What separates Youth from the majority of the Arthouse films that I watch, and there are many of those, is that this is accessible to people who won’t normally go and spend their hard-earned cinema money on that type of film. Michael Caine is just the best that he’s ever been, giving an apathetic yet emotional performance, and the part is so well written you just feel that he’s loving this character. We know that he’s taken jobs to sustain his lifestyle in the past but now this seems to be a role that he enjoys. Joining him is Harvey Keitel as Mick, and Rachel Weisz as Fred’s Daughter. Keitel is always great to watch in a film, even when the movie he’s in isn’t great he’s always a pleasure to watch, here he, like Caine, has the best role he’s had in years. As for Weisz I’ve now forgiven her for not appearing in The Mummy 3, she is so fragile in this film you think that she’s going to break apart at any moment. Paul Dano stars as an actor trying to shake off his most famous role by taking on the most challenging role of his life, Dano has gone up in my view this last few years and here he’s on top form again. I think that until Love and Mercy last year he was just playing almost the same type of character time and time again. Playing Brian Wilson in Love and Mercy made him something more. There are a few cameos in the film of people playing themselves, one a pop star who I don’t know that well but is a judge on the UK version of The Voice, and the other a very famous footballer who was more infamous during my childhood than for his talent.

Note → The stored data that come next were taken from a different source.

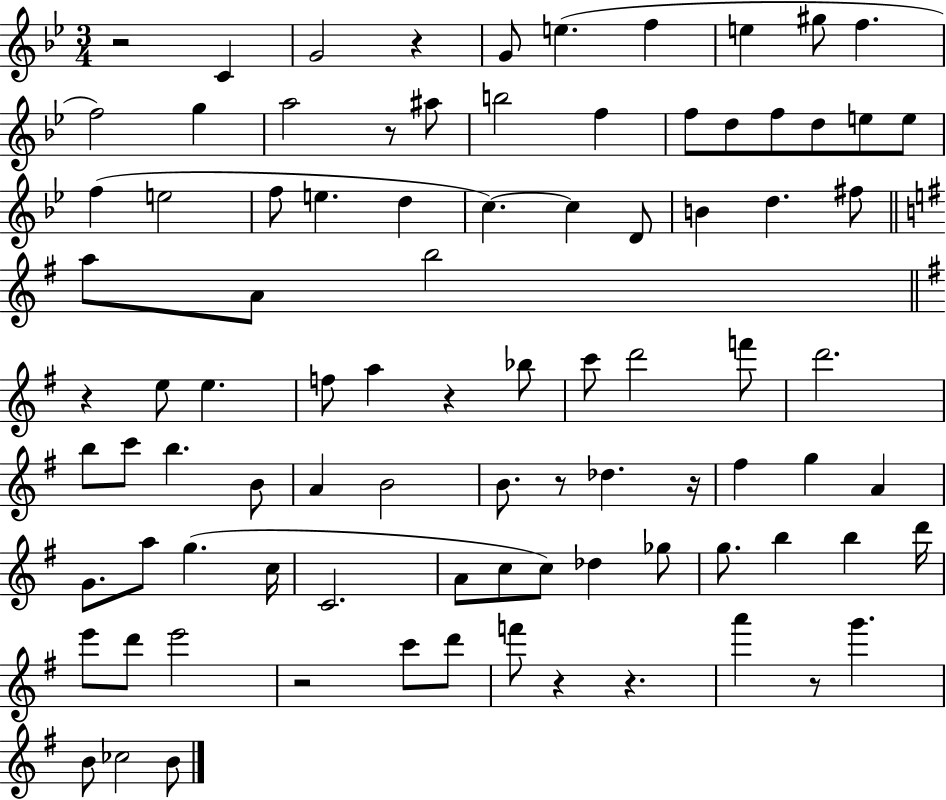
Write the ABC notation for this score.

X:1
T:Untitled
M:3/4
L:1/4
K:Bb
z2 C G2 z G/2 e f e ^g/2 f f2 g a2 z/2 ^a/2 b2 f f/2 d/2 f/2 d/2 e/2 e/2 f e2 f/2 e d c c D/2 B d ^f/2 a/2 A/2 b2 z e/2 e f/2 a z _b/2 c'/2 d'2 f'/2 d'2 b/2 c'/2 b B/2 A B2 B/2 z/2 _d z/4 ^f g A G/2 a/2 g c/4 C2 A/2 c/2 c/2 _d _g/2 g/2 b b d'/4 e'/2 d'/2 e'2 z2 c'/2 d'/2 f'/2 z z a' z/2 g' B/2 _c2 B/2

The film is about people trying to cope with growing older, trying to reconcile with the choices that they’ve made, being human. Pointing out that because you reach a certain age, or your body reaches a certain fragility, does not me we stop living, stop experiencing life and love or that our careers stop evolving. The camera work is plain, but in being plain it fits perfectly to the style of movie we’re watching. We shouldn’t forget that this is about people. The Swiss countryside looks almost like some alien planet from a science fiction film, and stands quietly back like a good butler, who is there but never lets their presence known. The background players in the hotel add a few moments of slapstick comedy. While this is a drama first and foremost you have to admire the film makers, the scriptwriter in particular, for the subtle nature of humanity that they capture perfectly along the way of telling the stories.

There is some casual nudity, sexual scenes, and one particular moment where a main character does something that is totally unexpected. Also for some reason there is a Miss Universe character in there who just seems to be there so she can walk around naked.

This is drama of the highest order, it’s on my list of films that I’ll bore the pants off you with at the end of your normal year, and yes I put that list together through the year. The main story of Fred and his adjustment to retirement is one that we think we understand, we think we know what is going on in his world, but there are so many tiny twists and turns through the film that we really don’t know anything. It’s a pleasure to watch great actors getting great lines. I cannot urge you strongly enough to give Youth a chance and take from it what you need to.